What is needed: Scan the records beneath this line for the line holding "15 キャタリナ　BJ200SH 中古美品　　Catalina" and the line holding "Lost Places Fotospots", then transcribe exactly those two and all lines between.

The data:
■ ■ ■ ■ ■ ■ ■
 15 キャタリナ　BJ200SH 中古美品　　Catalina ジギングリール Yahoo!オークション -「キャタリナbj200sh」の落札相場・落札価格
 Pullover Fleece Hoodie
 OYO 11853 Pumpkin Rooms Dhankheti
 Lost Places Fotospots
■ ■ ■ ■ ■ ■ ■
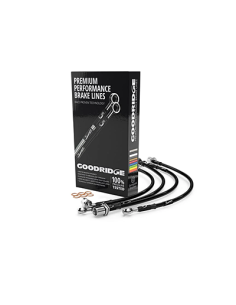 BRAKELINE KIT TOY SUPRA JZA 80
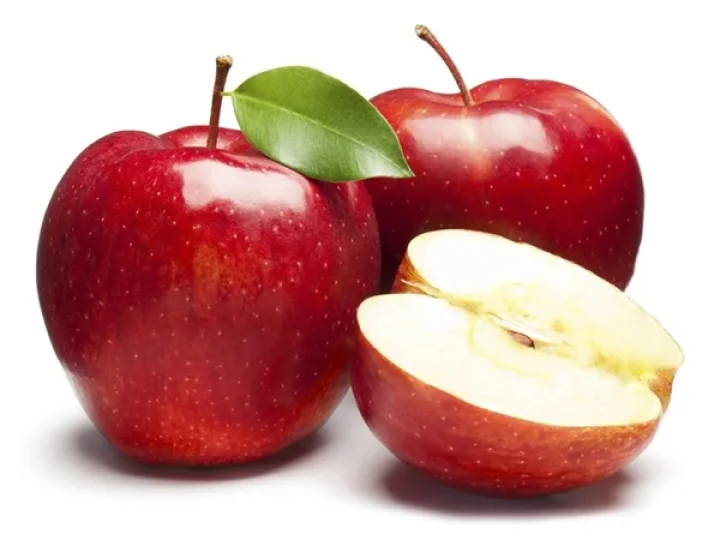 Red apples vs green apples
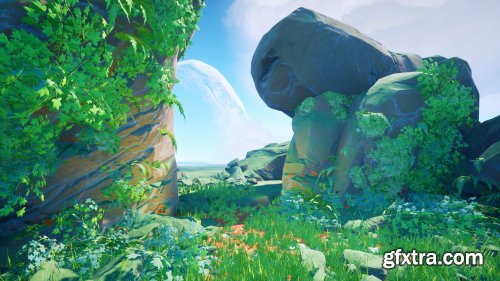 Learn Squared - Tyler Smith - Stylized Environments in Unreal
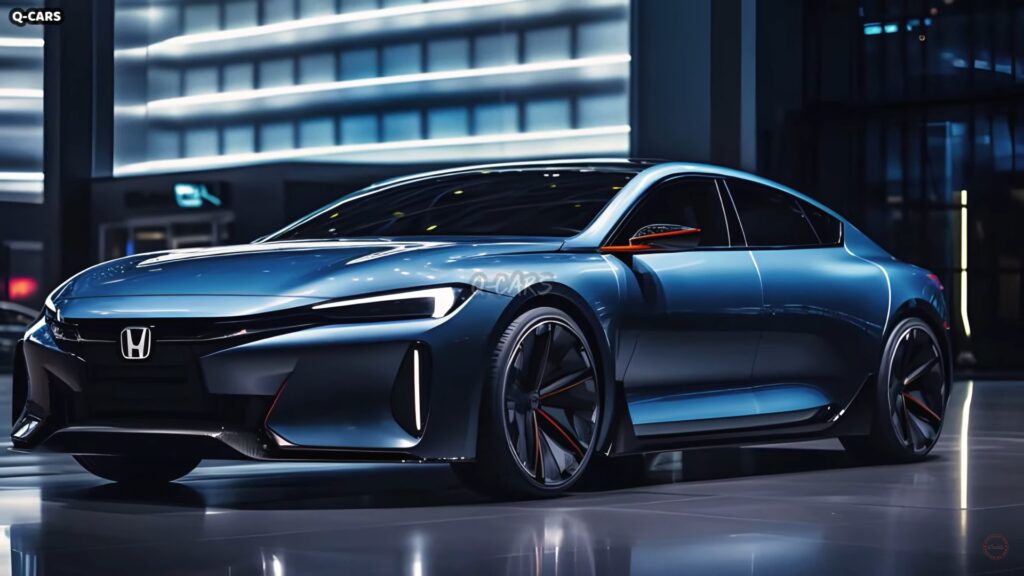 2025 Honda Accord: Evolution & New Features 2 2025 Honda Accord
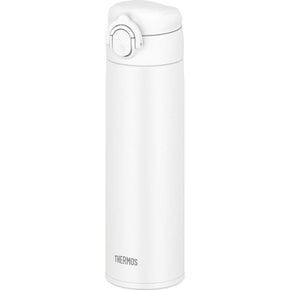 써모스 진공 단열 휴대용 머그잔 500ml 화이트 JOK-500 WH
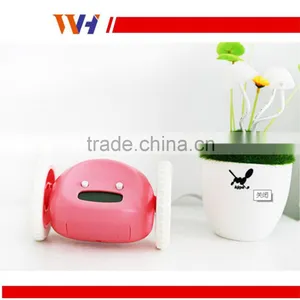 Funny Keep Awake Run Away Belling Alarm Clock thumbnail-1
■ ■ ■ ■ ■ ■ ■
Exercise output:
 15 キャタリナ　BJ200SH 中古美品　　Catalina ジギングリール Yahoo!オークション -「キャタリナbj200sh」の落札相場・落札価格
 Pullover Fleece Hoodie
 OYO 11853 Pumpkin Rooms Dhankheti
 Lost Places Fotospots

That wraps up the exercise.